Race Street is a key street with an at-grade crossing under the I-95 expressway, directly connecting Old City to the Delaware River and the Race Street Pier. It is only a minute walk from the corner of Race and Second Streets to the river. To make the connection more apparent to pedestrians, DRWC hired James Corner Field Operations, the firm which designed the Race Street Pier, who used a combination of design elements to enhance connectivity to the river and improve the pedestrian and bike experience including a dedicated bike lane, signage, benches, bollards, curb realignments, increased sidewalk widths, crosswalks, plantings and a dramatic light screen along the right-side wall of the underpasses. The screen is made of expanded metal with colorful lighting and bold signage. In addition to the River and the City directional signage, the smaller characters on the light screen represent a graphic timeline of the historic flooding events of the Delaware River, recorded by the National Oceanic and Atmospheric Administration’s (NOAA) National Weather Service at Pier 11. The flooding events are registered by month, year and peak flood height.

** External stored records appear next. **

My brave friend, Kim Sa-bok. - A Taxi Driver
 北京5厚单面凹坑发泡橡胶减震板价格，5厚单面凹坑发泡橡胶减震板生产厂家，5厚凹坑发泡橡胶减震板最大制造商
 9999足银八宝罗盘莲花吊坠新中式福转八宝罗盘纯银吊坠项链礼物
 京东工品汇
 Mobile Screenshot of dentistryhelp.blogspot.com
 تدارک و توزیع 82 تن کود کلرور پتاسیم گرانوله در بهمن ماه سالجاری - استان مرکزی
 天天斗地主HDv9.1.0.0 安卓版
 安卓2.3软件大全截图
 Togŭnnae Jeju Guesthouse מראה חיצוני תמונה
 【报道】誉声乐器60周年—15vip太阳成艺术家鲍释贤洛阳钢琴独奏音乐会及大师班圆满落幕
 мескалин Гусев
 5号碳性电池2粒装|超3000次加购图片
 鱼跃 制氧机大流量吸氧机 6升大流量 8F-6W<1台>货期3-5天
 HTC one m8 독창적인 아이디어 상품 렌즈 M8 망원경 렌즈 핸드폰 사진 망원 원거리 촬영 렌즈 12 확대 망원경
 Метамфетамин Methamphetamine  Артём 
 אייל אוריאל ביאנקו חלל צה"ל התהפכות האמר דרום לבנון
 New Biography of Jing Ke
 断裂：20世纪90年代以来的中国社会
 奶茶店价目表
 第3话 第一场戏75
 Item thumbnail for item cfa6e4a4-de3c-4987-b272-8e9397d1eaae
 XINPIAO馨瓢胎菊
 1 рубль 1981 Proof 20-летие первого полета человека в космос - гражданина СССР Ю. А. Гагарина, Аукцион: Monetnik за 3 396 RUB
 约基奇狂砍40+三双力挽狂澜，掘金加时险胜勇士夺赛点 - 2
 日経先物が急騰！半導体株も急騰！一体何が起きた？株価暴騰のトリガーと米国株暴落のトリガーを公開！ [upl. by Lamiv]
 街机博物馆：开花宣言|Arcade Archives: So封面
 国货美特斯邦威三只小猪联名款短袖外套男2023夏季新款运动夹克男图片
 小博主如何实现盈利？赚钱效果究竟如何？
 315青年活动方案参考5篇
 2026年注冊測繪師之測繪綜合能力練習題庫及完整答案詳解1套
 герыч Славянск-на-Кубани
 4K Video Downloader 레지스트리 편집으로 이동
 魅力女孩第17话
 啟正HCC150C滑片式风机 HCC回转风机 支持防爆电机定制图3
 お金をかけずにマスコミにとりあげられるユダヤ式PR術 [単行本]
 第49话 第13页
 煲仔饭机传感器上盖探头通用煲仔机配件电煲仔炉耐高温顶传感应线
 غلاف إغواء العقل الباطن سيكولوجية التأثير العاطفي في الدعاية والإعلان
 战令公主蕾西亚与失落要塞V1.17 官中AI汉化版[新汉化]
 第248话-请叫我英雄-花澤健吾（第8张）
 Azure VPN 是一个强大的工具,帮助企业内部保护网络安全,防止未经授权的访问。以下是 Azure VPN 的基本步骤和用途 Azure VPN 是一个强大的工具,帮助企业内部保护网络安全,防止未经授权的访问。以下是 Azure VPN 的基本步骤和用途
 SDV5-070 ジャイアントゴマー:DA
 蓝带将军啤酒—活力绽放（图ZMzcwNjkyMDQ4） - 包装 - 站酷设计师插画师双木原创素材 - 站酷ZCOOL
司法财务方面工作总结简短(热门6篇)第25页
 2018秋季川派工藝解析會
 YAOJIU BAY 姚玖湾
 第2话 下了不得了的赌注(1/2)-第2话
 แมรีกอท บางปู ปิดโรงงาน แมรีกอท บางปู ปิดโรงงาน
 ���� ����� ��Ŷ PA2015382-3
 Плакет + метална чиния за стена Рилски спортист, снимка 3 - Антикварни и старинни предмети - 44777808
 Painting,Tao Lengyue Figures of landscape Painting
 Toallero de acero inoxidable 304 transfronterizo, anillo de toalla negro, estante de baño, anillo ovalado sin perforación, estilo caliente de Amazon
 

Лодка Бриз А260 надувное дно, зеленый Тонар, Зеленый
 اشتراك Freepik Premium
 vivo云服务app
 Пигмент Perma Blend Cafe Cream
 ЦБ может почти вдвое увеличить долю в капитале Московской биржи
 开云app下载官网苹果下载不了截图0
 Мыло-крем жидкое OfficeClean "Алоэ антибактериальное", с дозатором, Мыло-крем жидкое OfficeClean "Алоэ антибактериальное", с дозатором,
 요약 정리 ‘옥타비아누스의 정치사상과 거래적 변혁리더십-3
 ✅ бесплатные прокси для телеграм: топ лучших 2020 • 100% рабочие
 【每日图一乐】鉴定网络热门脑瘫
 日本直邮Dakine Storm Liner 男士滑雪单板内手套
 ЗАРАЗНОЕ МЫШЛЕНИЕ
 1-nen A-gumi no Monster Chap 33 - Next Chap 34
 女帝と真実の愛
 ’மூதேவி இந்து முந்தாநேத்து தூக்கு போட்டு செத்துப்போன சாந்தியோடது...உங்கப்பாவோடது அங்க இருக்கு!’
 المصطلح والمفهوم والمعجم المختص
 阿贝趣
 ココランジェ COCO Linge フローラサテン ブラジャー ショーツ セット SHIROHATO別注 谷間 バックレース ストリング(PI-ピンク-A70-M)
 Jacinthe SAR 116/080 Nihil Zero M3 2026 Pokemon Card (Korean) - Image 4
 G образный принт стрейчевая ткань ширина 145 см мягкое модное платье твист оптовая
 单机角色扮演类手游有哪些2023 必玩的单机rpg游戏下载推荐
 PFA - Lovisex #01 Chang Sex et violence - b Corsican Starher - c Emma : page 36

The timeline adds visual interest while further emphasizing the relationship and connection of the city and the river.

In addition to these design elements is also Marquee, a public art project commissioned by the City of Philadelphia's Percent for Art Program in cooperation with the Delaware River Waterfront Corporation. Marquee was designed by Richard Torchia, with Aaron Igler and Matthew Suib from Greenhouse Media, and is comprised of a 4' by 60' LED screen mounted on the west-facing beam of the I-95 overpass above Race Street in Old City. This LED screen displays live-feed images of the surface of the Delaware River, captured by a camera at the water's edge, 24 hours a day, and seven days a week. Never the same twice, the real-time depictions of the water displayed on the screen are constantly shifting according to weather and lighting conditions, as well as boating patterns and river wildlife.
In addition to drawing pedestrians toward the waterfront, these images may also encourage pedestrians to re-imagine the cascading roar of the overpass traffic as the sound of waves. The work reciprocates the gesture made by the Race Street Pier, an urban park that brings the city to the river: Marquee brings the river to the city.